*** Information supplied ***
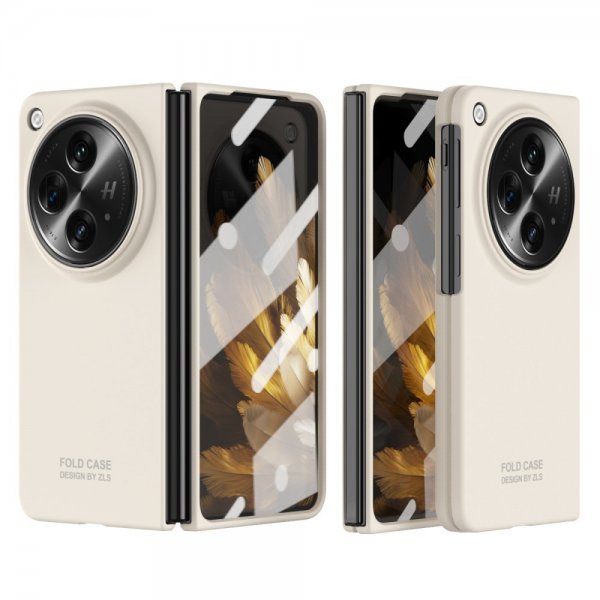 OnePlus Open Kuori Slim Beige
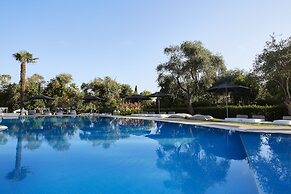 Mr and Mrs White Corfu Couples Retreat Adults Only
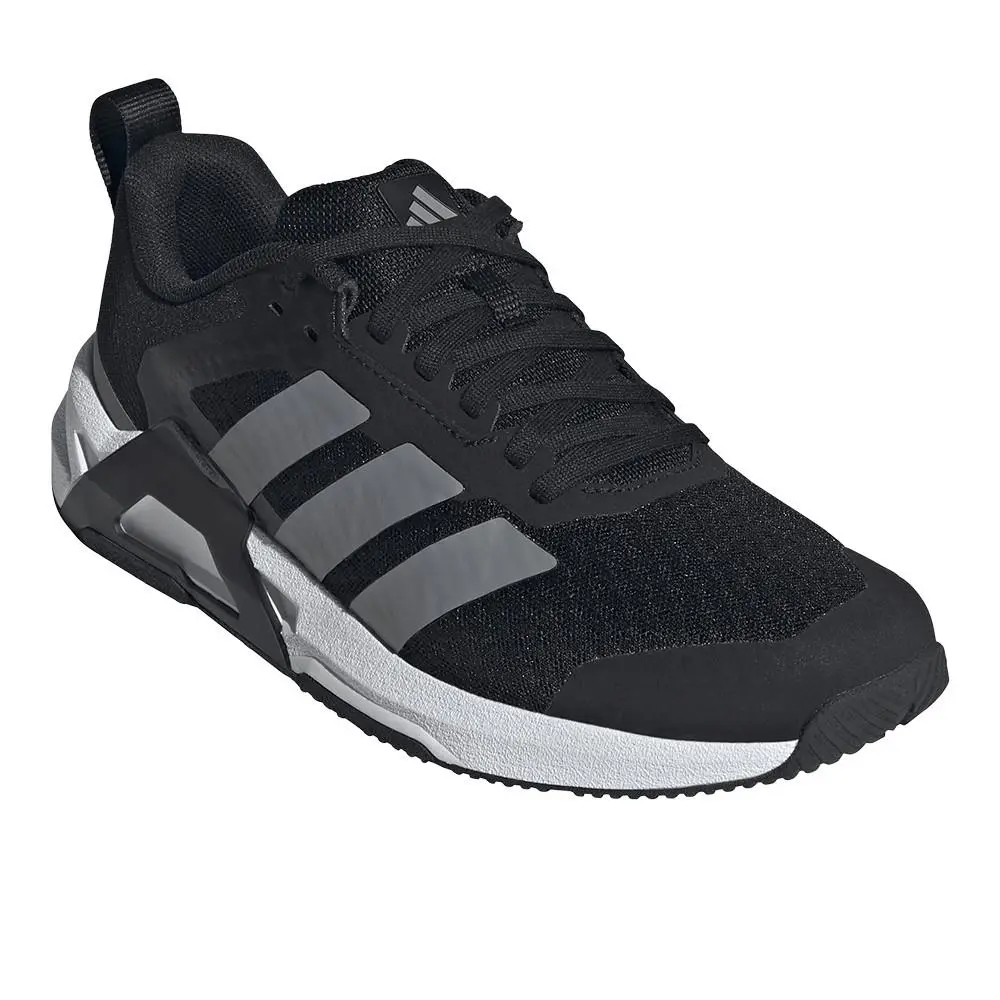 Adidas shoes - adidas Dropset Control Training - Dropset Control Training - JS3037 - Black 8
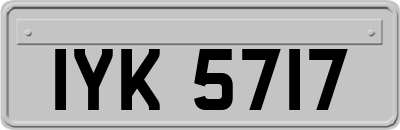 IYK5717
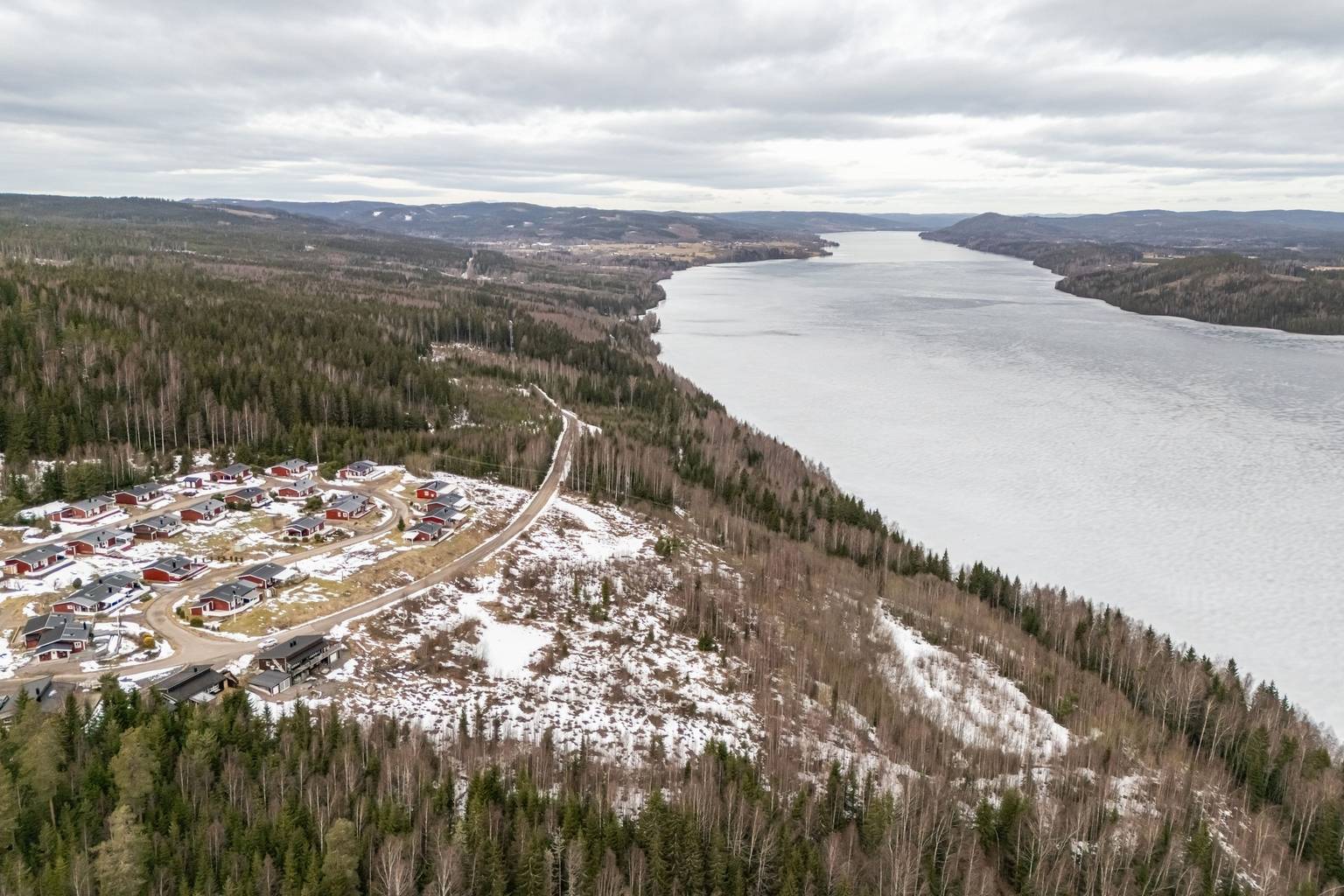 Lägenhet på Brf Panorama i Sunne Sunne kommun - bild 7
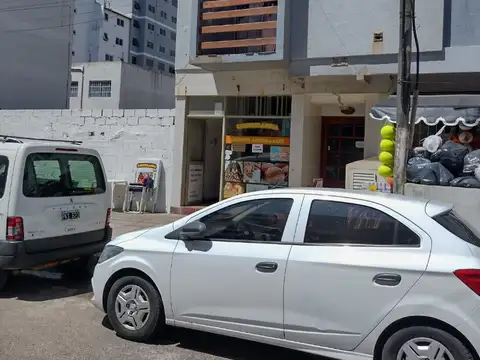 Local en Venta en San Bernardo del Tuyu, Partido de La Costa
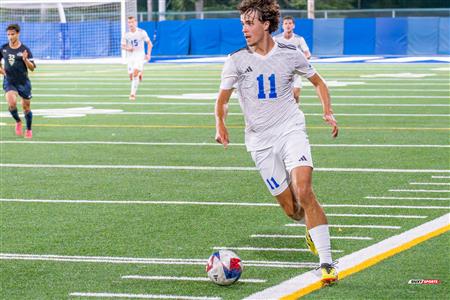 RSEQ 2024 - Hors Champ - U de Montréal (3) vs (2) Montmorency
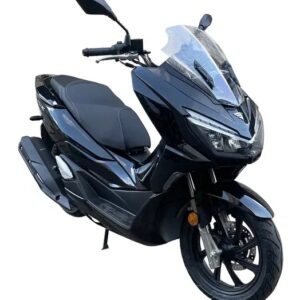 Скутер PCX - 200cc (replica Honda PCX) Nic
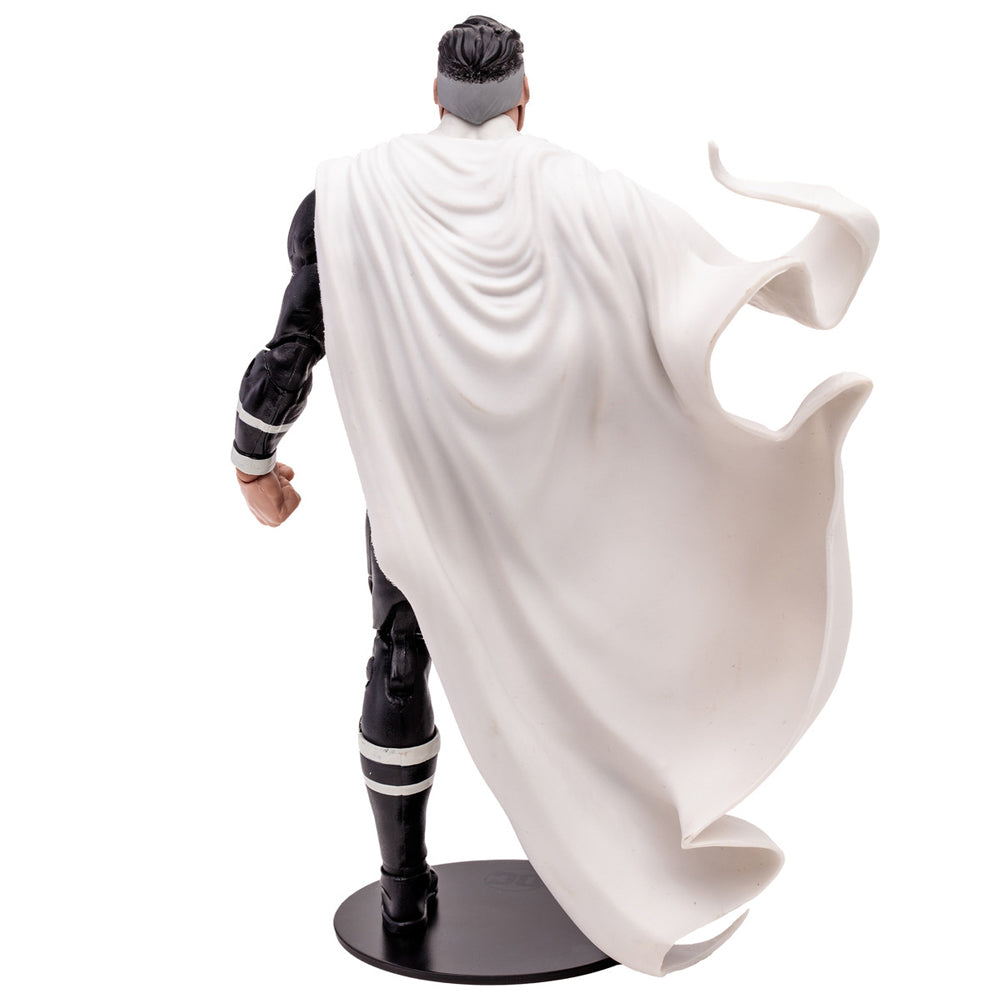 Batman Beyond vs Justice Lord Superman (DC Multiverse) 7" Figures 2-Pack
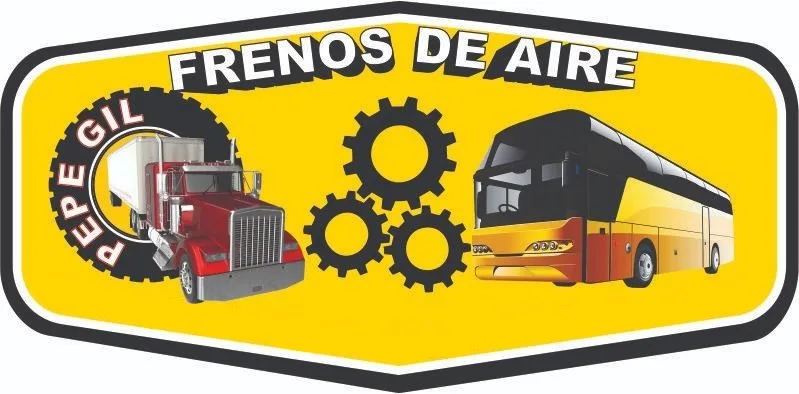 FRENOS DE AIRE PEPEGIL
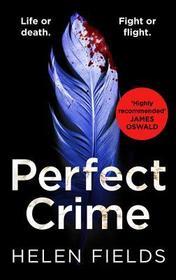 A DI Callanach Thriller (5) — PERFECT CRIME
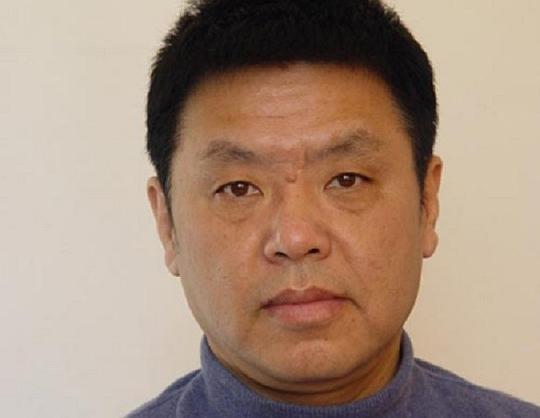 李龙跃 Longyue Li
*** End of Information supplied ***
Task to carry out →
Retype the records exactly, but skip the pictures.

Answer box →
 OnePlus Open Kuori Slim Beige
 Mr and Mrs White Corfu Couples Retreat Adults Only
 Adidas shoes - adidas Dropset Control Training - Dropset Control Training - JS3037 - Black 8
 IYK5717
 Lägenhet på Brf Panorama i Sunne Sunne kommun - bild 7
 Local en Venta en San Bernardo del Tuyu, Partido de La Costa
 RSEQ 2024 - Hors Champ - U de Montréal (3) vs (2) Montmorency
 Скутер PCX - 200cc (replica Honda PCX) Nic
 Batman Beyond vs Justice Lord Superman (DC Multiverse) 7" Figures 2-Pack
 FRENOS DE AIRE PEPEGIL
 A DI Callanach Thriller (5) — PERFECT CRIME
 李龙跃 Longyue Li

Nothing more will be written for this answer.